How Online Shopping is Evolving
When it comes to the Internet, Millennials and Generation Z have it easy. With access to a vast array of information, content can be generated in less than a few seconds. As these technological advents continue, they are becoming almost commonplace despite the groundbreaking change they bring. We are reaching a time where it is easy to take what we have for granted. Right now, you could open up a new tab without taking your hands off the keyboard. Within a few minutes, you can drag and drop those shoes you’ve had your eye on for a few months because they just went on sale in your collection. No matter where you are, you can simply whip out your credit card and buy almost anything right from your phone, especially after receiving your Shopicks sales alert! Accessibility has never been easier, and it will only continue to evolve as we are now conditioned to expect.
Since the turn of the century, the percentage of Americans who have made an online purchase of any type has increased by roughly 57%. Although this number has increased dramatically, another survey discovered that the majority of individuals prefer shopping in an actual retail store. Fair, since the process is more tangible that way. The explosion of online shopping continues, however, because of the extensive available options, and most importantly, the price. Price makes or breaks a purchase for a consumer as fundamental economics would predict. The best part? Saving money has never been easier. Gone are the days of coupon clipping and store-hopping to compare deals.There are seemingly an endless amount of deals and no standstill lines to wait in that prevent you from taking advantage of them. Price and convenience will always win in the eyes of the consumer, which is why Shopicks gives you the sales notifications you are always looking for.
As a result of the rapid growth in e-commerce interest and usage, the market has responded in turn over the past decade. Jobs in this field are progressing at an exponential rate. Even when online purchases make up less than 10% of cumulative retail sales across the nation, employment at these e-commerce firms has surged by over 300% since 2000. This has progressed to a point where they have sufficiently outpaced the job growth in the retail industry. These firms can function with fewer employees who are afforded higher average wages because of their relatively high value to the company.

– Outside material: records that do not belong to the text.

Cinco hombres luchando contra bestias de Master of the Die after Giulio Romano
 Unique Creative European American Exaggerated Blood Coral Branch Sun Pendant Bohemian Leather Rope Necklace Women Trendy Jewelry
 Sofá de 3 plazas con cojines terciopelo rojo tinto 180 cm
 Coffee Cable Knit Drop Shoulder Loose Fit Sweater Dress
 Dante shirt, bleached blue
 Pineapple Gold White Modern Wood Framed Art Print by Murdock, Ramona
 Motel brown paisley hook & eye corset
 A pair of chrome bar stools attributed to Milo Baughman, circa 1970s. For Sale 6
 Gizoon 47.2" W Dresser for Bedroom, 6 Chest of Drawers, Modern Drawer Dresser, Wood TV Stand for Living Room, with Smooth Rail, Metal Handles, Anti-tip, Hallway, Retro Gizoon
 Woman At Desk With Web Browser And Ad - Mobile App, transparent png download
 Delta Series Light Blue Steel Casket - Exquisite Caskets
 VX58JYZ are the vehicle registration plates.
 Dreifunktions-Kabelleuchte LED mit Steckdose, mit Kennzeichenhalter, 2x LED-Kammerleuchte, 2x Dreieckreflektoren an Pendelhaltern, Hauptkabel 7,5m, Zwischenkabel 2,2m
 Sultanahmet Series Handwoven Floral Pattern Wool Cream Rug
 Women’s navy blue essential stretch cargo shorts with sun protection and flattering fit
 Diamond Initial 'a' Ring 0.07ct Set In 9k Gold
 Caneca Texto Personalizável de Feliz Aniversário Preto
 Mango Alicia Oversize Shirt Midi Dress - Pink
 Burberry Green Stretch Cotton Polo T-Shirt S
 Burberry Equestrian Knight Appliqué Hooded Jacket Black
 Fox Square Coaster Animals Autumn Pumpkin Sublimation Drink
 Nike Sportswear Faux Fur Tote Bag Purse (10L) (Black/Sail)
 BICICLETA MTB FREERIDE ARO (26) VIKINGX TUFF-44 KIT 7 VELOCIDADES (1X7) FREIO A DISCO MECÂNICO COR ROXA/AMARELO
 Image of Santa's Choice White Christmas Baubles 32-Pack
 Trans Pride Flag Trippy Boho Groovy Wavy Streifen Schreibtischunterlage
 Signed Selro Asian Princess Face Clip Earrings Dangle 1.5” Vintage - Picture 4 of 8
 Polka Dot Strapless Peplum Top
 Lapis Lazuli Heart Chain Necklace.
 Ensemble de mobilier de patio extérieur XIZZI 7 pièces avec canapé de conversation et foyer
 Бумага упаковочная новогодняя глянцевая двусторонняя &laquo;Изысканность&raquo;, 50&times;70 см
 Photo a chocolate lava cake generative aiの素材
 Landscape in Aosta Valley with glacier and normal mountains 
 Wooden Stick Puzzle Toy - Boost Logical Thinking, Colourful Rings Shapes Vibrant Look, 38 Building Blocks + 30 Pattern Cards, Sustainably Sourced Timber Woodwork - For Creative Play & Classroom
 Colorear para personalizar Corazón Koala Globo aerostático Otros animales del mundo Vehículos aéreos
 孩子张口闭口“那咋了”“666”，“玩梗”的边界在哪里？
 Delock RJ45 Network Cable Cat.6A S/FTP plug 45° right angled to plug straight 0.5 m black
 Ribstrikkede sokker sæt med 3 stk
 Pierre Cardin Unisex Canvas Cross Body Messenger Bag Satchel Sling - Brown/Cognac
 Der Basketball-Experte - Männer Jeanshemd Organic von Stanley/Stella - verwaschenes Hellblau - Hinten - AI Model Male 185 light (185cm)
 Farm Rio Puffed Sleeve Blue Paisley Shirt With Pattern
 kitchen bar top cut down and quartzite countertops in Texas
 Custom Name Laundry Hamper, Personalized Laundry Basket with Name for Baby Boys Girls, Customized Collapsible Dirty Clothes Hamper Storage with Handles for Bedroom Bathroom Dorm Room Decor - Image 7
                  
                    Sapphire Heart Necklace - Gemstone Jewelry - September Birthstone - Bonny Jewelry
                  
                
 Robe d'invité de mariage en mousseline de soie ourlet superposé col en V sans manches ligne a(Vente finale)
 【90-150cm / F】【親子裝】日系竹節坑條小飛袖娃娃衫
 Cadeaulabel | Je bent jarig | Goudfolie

Although the progression of technology provides online shopping with the means to organically grow, the market would descend into chaos if other forms of retail had no response. Clearly, there is still a high interest in physical shopping, and if companies completely gave into e-commerce, there would be a gaping hole in the job market. Retailers inevitably have to respond, and there is evidence of this just within the past few weeks. Once rivals, the massive broadcasting network moguls QVC and HSN settled on a $2.1 billion merger to combat the explosive online market. Even Amazon, the largest online retailer in the nation, demonstrated the value of physical stores with its acquisition of Whole Foods. Yes, e-commerce is encroaching on a hallowed retail ground, but there will be a response. And there should be. We love online shopping, but there needs to be a balance between the two. There are advantages and disadvantages to each, but both provide value, and consumers will always appreciate options.